Marietta was, with reason, a melancholy and grief-haunted. Her husband – she loved him very much- died in 2015, followed by death of her second son a year later.
As she sat for rest, the apparition’s growing beauty sensibly touched her with a delighted happiness to which she had for a considerable time, been a stranger.
As the varied brightness of the arch, which as yet was scarcely united, but showed only several glowing fragments, gradually became more vivid, her whole being felt joy; sorrow and despondency somewhat faded.
Gazing, the rainbow became perfect and banded the Benguet, La Union mountains and sky together. It illuminated two mountains, and the valley where she was appeared to her a mysterious entrance into another portal to another valley.
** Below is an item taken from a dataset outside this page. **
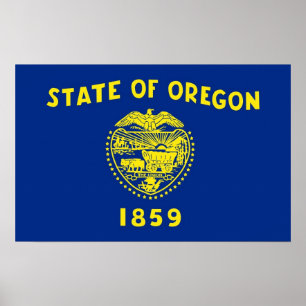 Poster com Flag do Oregon, EUA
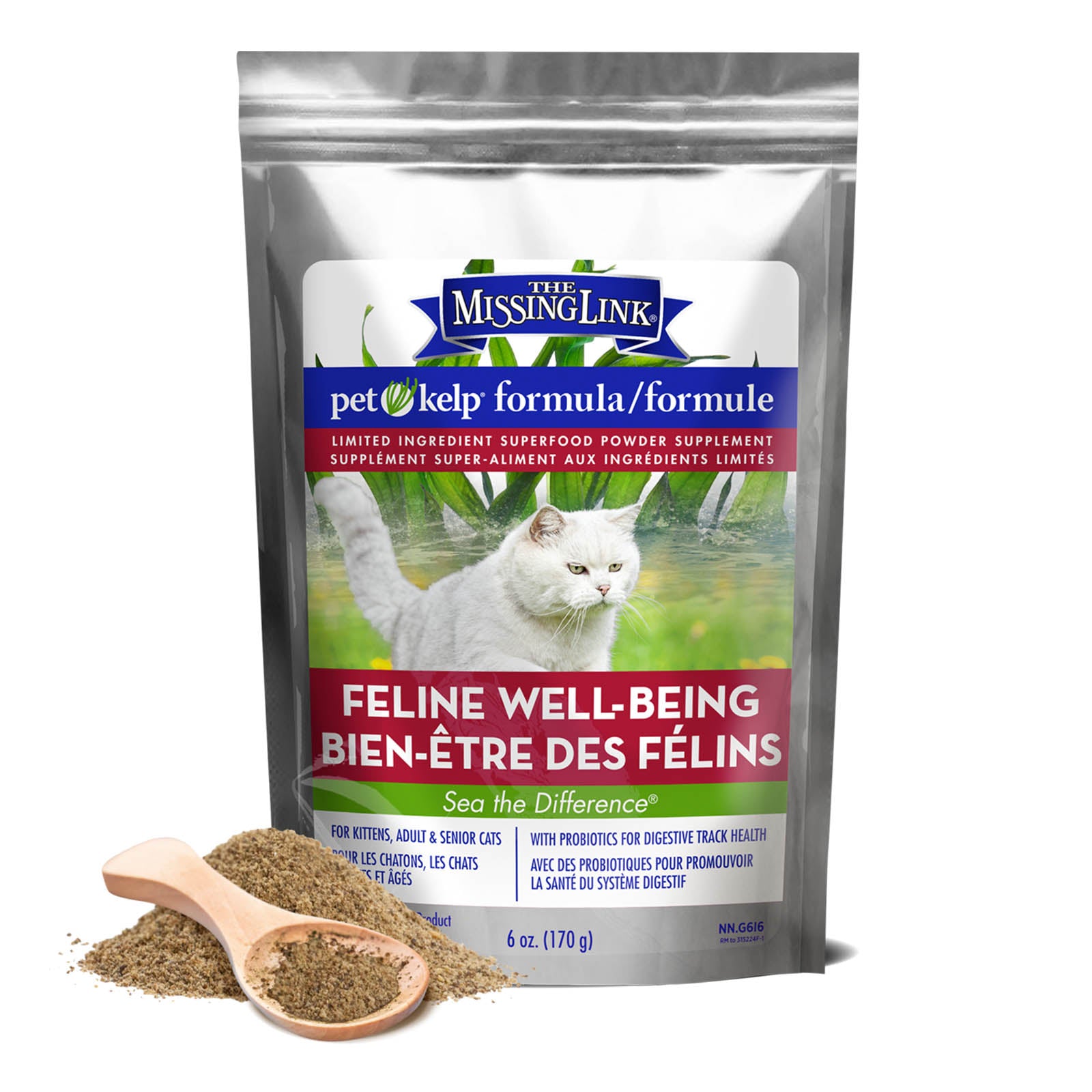 The Missing Link Pet Kelp feline well being formula.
Sides of the two mountains, rent with chasms, some spaces devoid of trees, some spaces clumped with trees saved from wanton felling, were steeped in the beautiful stains of the arch, so the mountains seemed clothed with varying colors, more dominant with gold, but more of glittering sparkle.
Before long, the rainbow regaled to dissolve, the arch’s summit gave way, as the gorgeous colors, forsaking the sky, embodied themselves in a mass of splendor on each sides of the mountains. For a few moments, the mountains edges were veiled and hidden in that radiance.
But it gradually melted away into colorless air. The atmosphere was again open, bits of showery clouds seen hanging opposite the sun, were all that tarried to tell of a vanished rainbow.
But the mountains glittered in freshened beauty. Off to her left, a bird chirped. Below the valley, a cow mowed, jubilee in nature’s condescending silence.
Not only hushed in the breathing repose of nature, but all rural labor was at rest. And it might almost have been said that the motionless clouds, the fragrant air, the deep blue sky vault and the still earth were all united together in one sweet spirit of devotion.
“What a beautiful rainbow,” Marietta whispered to herself, with tears in her eyes. There, alone in her garden patch, she prayed that God would send peace to her heart.
A part of the sun was trying to peep, dissolving the distant clouds into a gentle shower, over the mountains.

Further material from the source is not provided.